Это изречение можно было истолковать по-разному, но выбрано оно было удачно. На борту «Голубого авизо» царило равенство того круга людей, в котором не любят выделяться. Все знали друг друга, однако из самых лучших побуждений соблюдали обоюдно инкогнито. Это придавало обществу известную непринужденность, даже некоторую раскованность.
Издержки по поездке на Геспериды взяли на себя Проконсул и Ландфогт, однако «Голубой авизо» не был ни военным, ни правительственным кораблем. Наоборот, здесь преобладали частные лица; бросалось в глаза, что большинство гостей были столпами бизнеса. Рядом с местами для официальных лиц имелись столики для представителей торгового мира, свободных ученых, художников и даже лиц, путешествующих для собственного удовольствия.
Геспериды представляли собой огромный перевалочный пункт товаров и идей; в их портах швартовались целые космические флотилии. По ту сторону Гесперид лежали неизведанные просторы с фантастическими угодьями, не покоренные еще современной техникой. Там били источники богатства, власти, неизвестных наук. К ним стремились припасть, проникнуть в эти райские кущи Нового Света. И если что и объединяло разношерстное общество, так то был дух высочайшего авантюризма, искавший для себя пищу в природных богатствах тех просторов.
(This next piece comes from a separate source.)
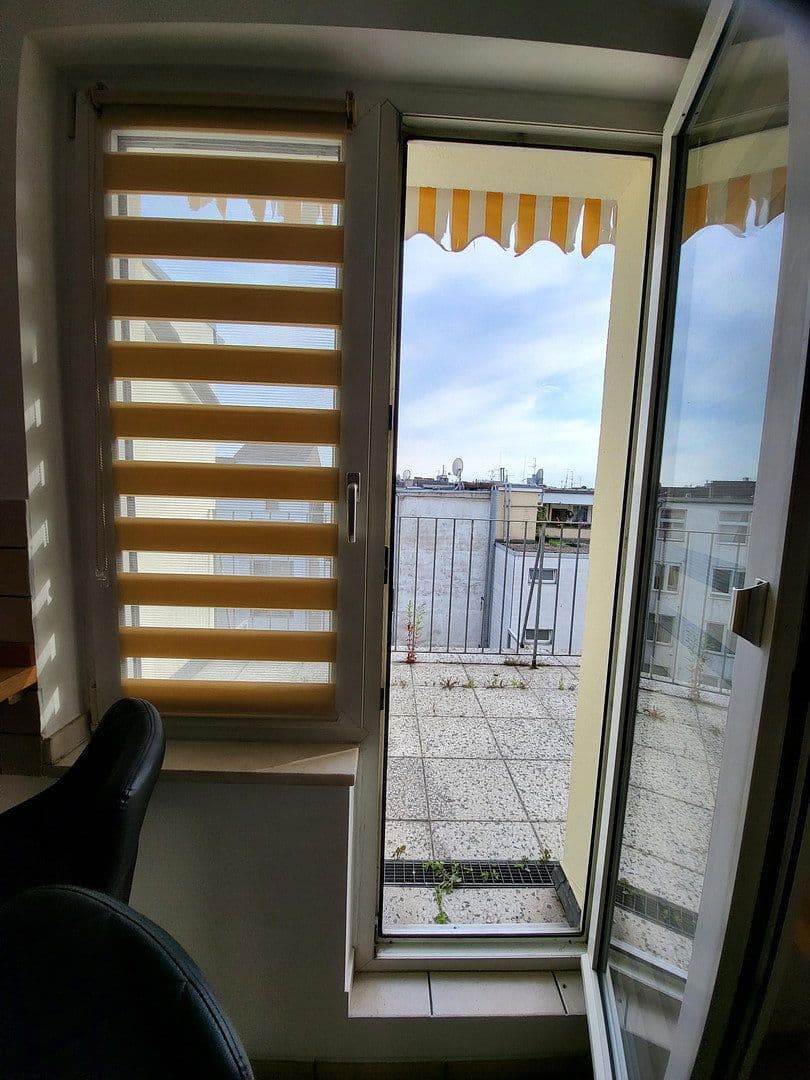Pronájem bytu 1+1 43 m², Düsseldorf, Severní Porýní-Vestfálsko Pronájem bytu 1+1 43 m², Düsseldorf, Severní Porýní-Vestfálsko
Новые миры умножали познания, богатство, власть. Но, пожалуй, можно было сказать и так, что все уже созрело, сформировалось в человеке, чтобы реализовать себя в пространстве. Рычаги духа достигли однажды того размаха, которого так не хватало Архимеду. И когда степень свободы передвижения позволила это, мир увеличился благодаря открытию Америки. Так случилось и теперь. Дух, воля человека стали намного сильнее старых оков, переросли рамки привычного равновесия. С этого начался конец модернизма, что мало кто заметил. Сначала рухнули внутренние препоны, потом внешние границы. Легионы полегли под знаками и символами новых Прометеев, похитивших огонь, в горниле которого сталь закалялась, шипя в крови. Во сколько жертв обошлось одно только то, что человек стал летать, – погибли миллионы, и подобных глав немало в истории этого мира. Но, сверкая, словно священные дары, вознесенные в гневе к свету, эти летательные аппараты обрели власть духа. Как стрела, пущенная с тетивы устрашающе гигантского лука, летели они на крыльях к своей далекой цели. И многим уже казалось, что она достигнута.
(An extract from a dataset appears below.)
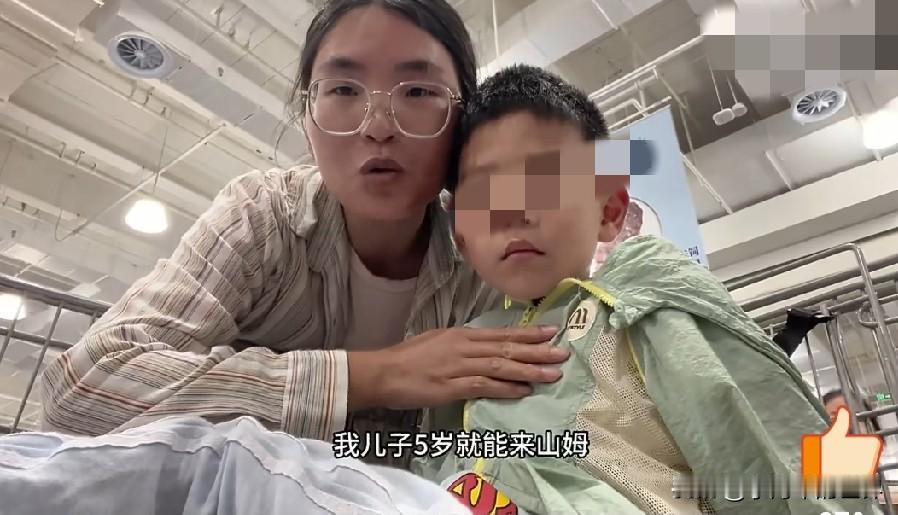 知道的她进的是山姆超市，不知道的还以为她进的是国务院！视频女子称，自己动用所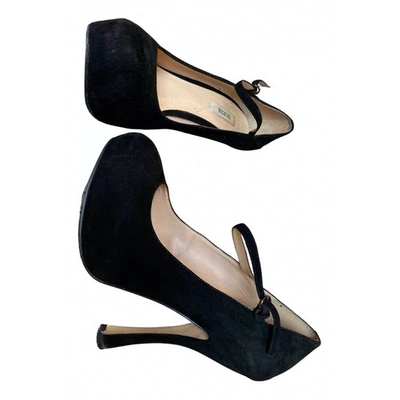 Pre-owned Guess Velvet Sandals In Black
Здесь, на корабле, сидели в непринужденной позе офицеры Проконсула, навещавшие свои родовые замки в Бургляндии. Тут были и светловолосые саксы, и более темные франки; Луций вел свою родословную от обеих кровей. Еще вольнее чувствовали себя стрелки Ориона – снисходительно раскованные и безмятежно веселые. Они любили свободные, не стесняющие движений одежды богатых людей, уставших от постоянно окружающей их роскоши.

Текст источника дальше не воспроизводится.